Task objective: Among the lines below, take the one holding "Hotel Sunny Border", the one holding "brand new modern", and all lines between them. Set them down exactly.

Provided data:
↓↓↓
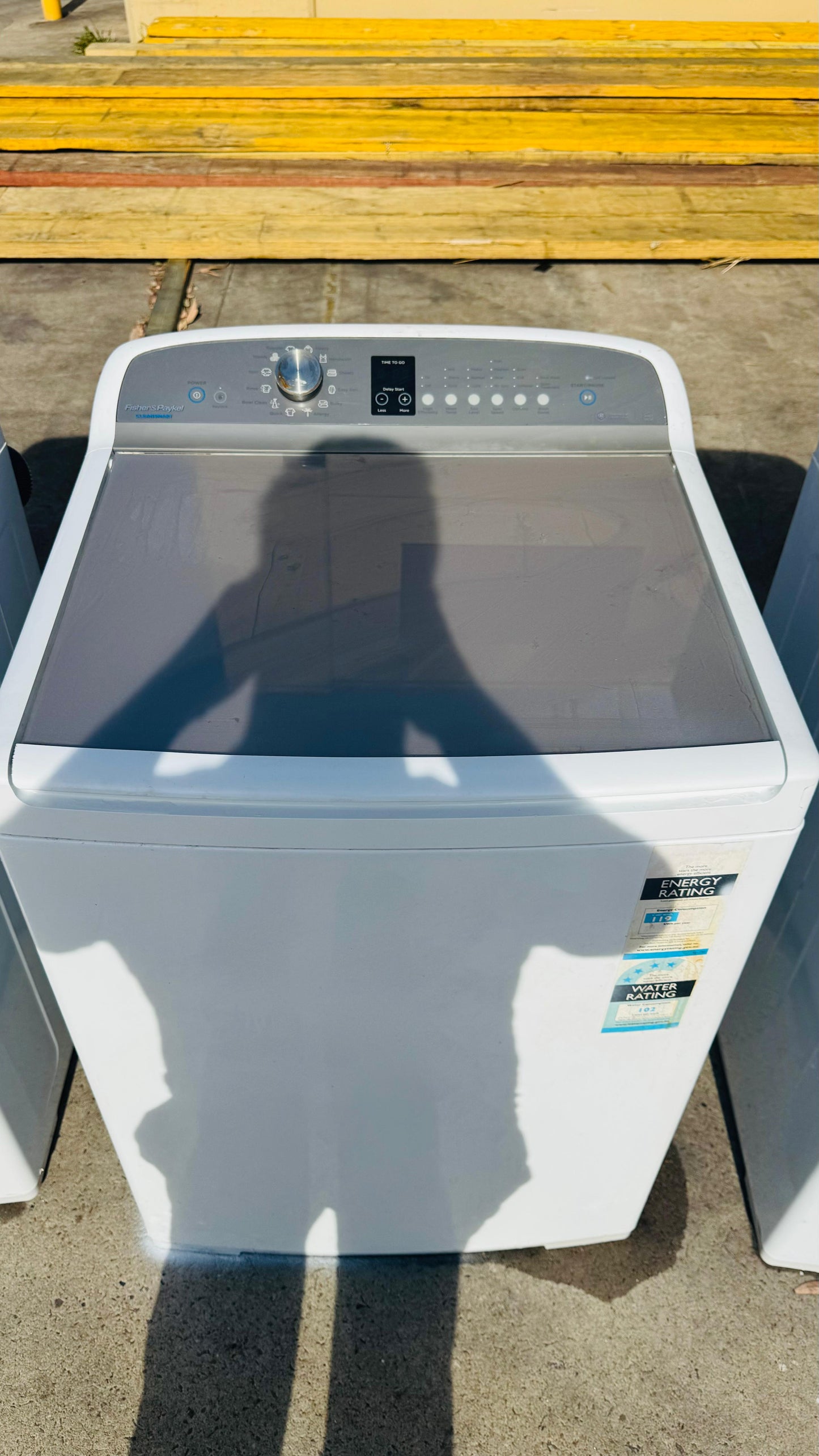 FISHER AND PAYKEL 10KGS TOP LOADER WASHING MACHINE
↑↑↑
↓↓↓
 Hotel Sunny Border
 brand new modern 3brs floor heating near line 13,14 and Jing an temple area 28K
↑↑↑
Expected answer:
 Hotel Sunny Border
 brand new modern 3brs floor heating near line 13,14 and Jing an temple area 28K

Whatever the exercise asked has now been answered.